Optimizing the furnace of a copper smelter

For the first 3 weeks of the project, our team was not involved in modeling and design. We looked at the technological  process itself and characteristics of the products created during its various stages. Our objective was not to fully comprehend the furnace process, but to dissect it into its constituent parts and focus solely on those that affected productivity.

The customer's losses from production downtime were directly related to the project duration. As a result, the team had to make trade-offs between the tasks. The utmost importance was given to the procedures that directly affected the final simulation model. For instance, the calculation of the temperature field was used to build the gas circuit instead of modeling sulfate corrosion. The areas where there was a risk of sulfate corrosion were determined through the temperature field analysis.

Submodeling helped us shorten the calculation time. We modeled the necessary area separately.As a result of the calculation, we determined the geometry of the structural elements of the furnace and established the geometry for the left and right convection shafts, the furnace uptake, and the furnace.

Understanding the technological processes that occur in a specific furnace area allowed us to simplify the calculating geometry.  For example, just part of the basic geometry was analyzed when modeling the hydrodynamics of melt bubbling. The boundaries separating the calculating area from neighboring recurring areas were defined as symmetry boundaries. By simplifying calculations, we sped up modeling while maintaining calculation accuracy.

A research supercomputer was utilized for the majority of simulation runs since the size of the furnace (length 21 meters and height of the melting shop 9 meters) and tuyeres (diameter 0.2 m) blowing the gas mixture at a near-sonic speed precluded utilizing normal methods of model development. About 50 iterations were performed for the main model. For further models, our team performed a great number of tiny iterations.

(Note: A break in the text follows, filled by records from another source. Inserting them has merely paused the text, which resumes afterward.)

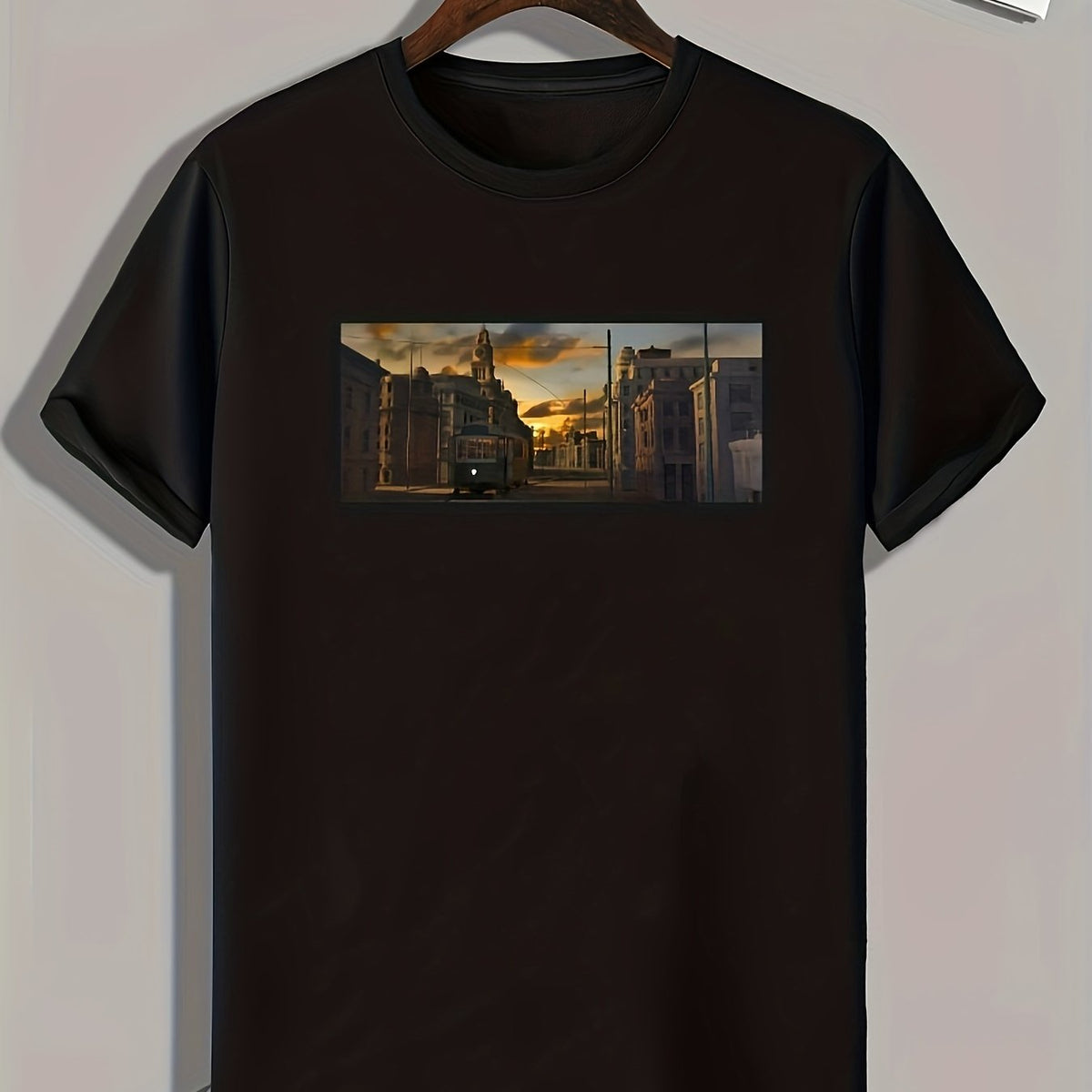 Street Painting Graphic Print Tee for Men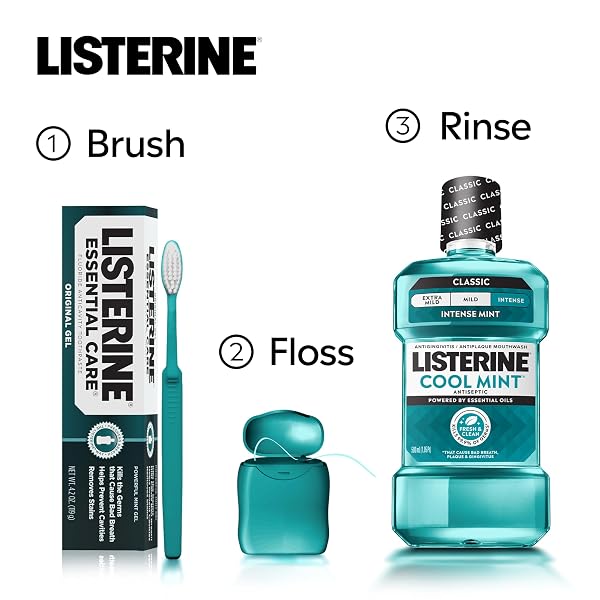 LISTERINE ESSENTIAL CARE TOOTHPASTE, BAD BREATH TREATMENT, CAVITY PREVENTION, FLUORIDE TOOTHPASTE; POWERFUL MINT FLAVOR, 4.2 OZ, 6 PACK
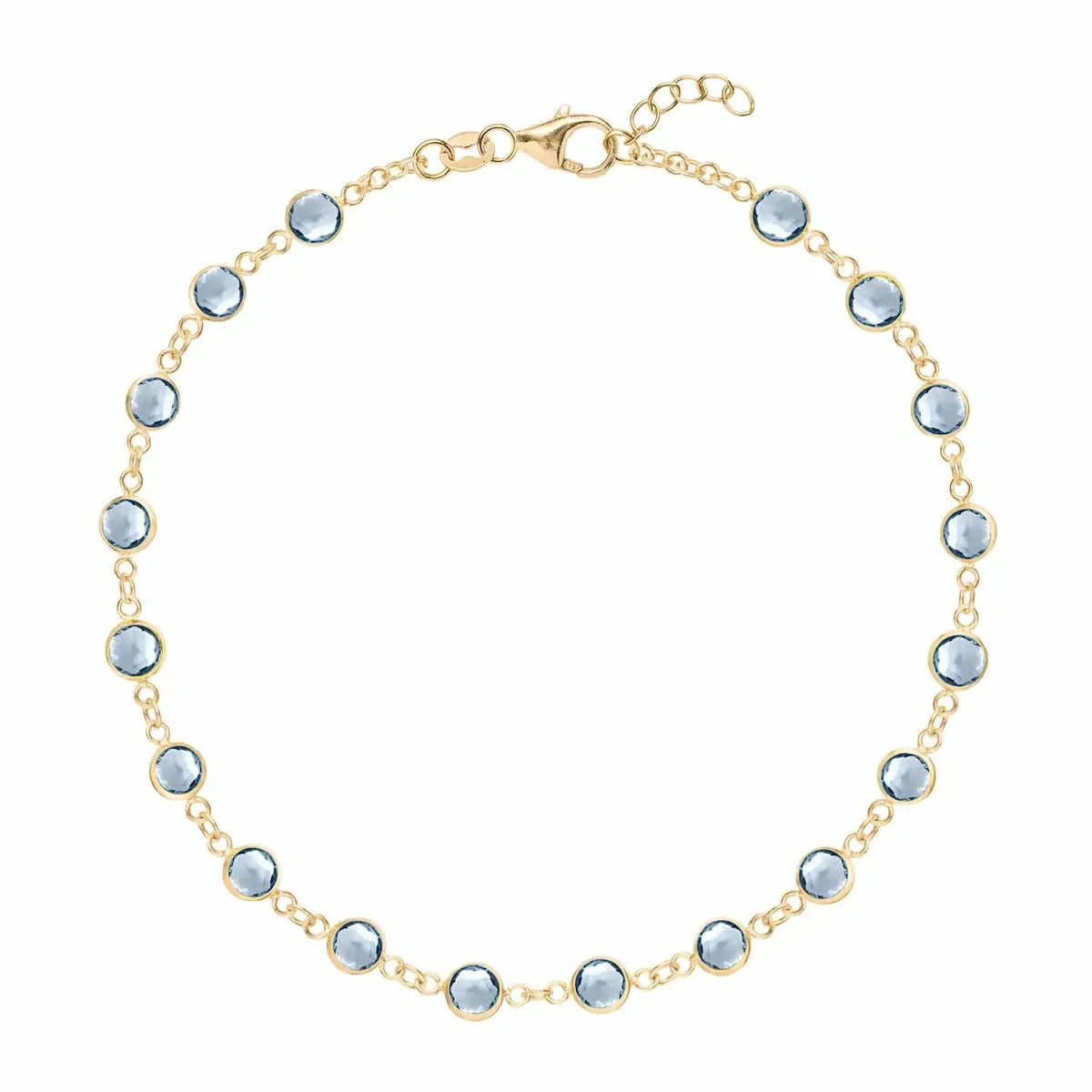 Newport 14k yellow gold bracelet featuring eighteen 4 mm briolette cut bezel set aquamarines - front view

The combination of heat and mass transfer processes with phase transitions is not recorded by sensors during furnace operation and is also little studied by the scientific community. Therefore, the impossibility of conducting a real experiment of boiling processes was expected. The solution was to determine the required parameters through process simulation. For instance, to gauge the intensity of melt spattering in the furnace, we assessed the average quantity of spattered slag in the control zone above the melt during the simulation.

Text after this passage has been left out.